▶ _PROBLEM TO WORK ON_: Exactly and only the lines from the one with "PRETTYGARDEN Womens 2" through the end of the listing are to be transcribed, both ends included.
···
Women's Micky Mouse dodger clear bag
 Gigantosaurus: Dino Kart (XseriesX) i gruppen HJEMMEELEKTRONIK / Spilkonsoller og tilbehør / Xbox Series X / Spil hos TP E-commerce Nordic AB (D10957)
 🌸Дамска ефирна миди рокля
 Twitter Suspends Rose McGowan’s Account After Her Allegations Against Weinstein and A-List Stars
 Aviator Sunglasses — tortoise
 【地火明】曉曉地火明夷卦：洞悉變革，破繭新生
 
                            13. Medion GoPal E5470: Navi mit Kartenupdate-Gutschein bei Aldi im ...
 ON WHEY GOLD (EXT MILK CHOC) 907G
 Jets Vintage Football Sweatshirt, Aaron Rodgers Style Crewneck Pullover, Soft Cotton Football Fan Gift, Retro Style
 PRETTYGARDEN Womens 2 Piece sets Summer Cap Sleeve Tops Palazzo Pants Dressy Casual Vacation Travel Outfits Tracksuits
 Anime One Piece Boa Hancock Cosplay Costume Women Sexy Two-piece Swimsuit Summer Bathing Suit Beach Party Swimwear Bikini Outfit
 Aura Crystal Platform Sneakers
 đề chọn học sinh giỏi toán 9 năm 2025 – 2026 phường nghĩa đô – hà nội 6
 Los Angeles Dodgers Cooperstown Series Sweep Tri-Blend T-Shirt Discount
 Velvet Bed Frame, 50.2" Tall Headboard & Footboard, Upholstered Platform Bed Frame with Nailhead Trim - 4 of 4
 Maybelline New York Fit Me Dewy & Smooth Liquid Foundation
···
▶ _ANSWER BELOW_:
 PRETTYGARDEN Womens 2 Piece sets Summer Cap Sleeve Tops Palazzo Pants Dressy Casual Vacation Travel Outfits Tracksuits
 Anime One Piece Boa Hancock Cosplay Costume Women Sexy Two-piece Swimsuit Summer Bathing Suit Beach Party Swimwear Bikini Outfit
 Aura Crystal Platform Sneakers
 đề chọn học sinh giỏi toán 9 năm 2025 – 2026 phường nghĩa đô – hà nội 6
 Los Angeles Dodgers Cooperstown Series Sweep Tri-Blend T-Shirt Discount
 Velvet Bed Frame, 50.2" Tall Headboard & Footboard, Upholstered Platform Bed Frame with Nailhead Trim - 4 of 4
 Maybelline New York Fit Me Dewy & Smooth Liquid Foundation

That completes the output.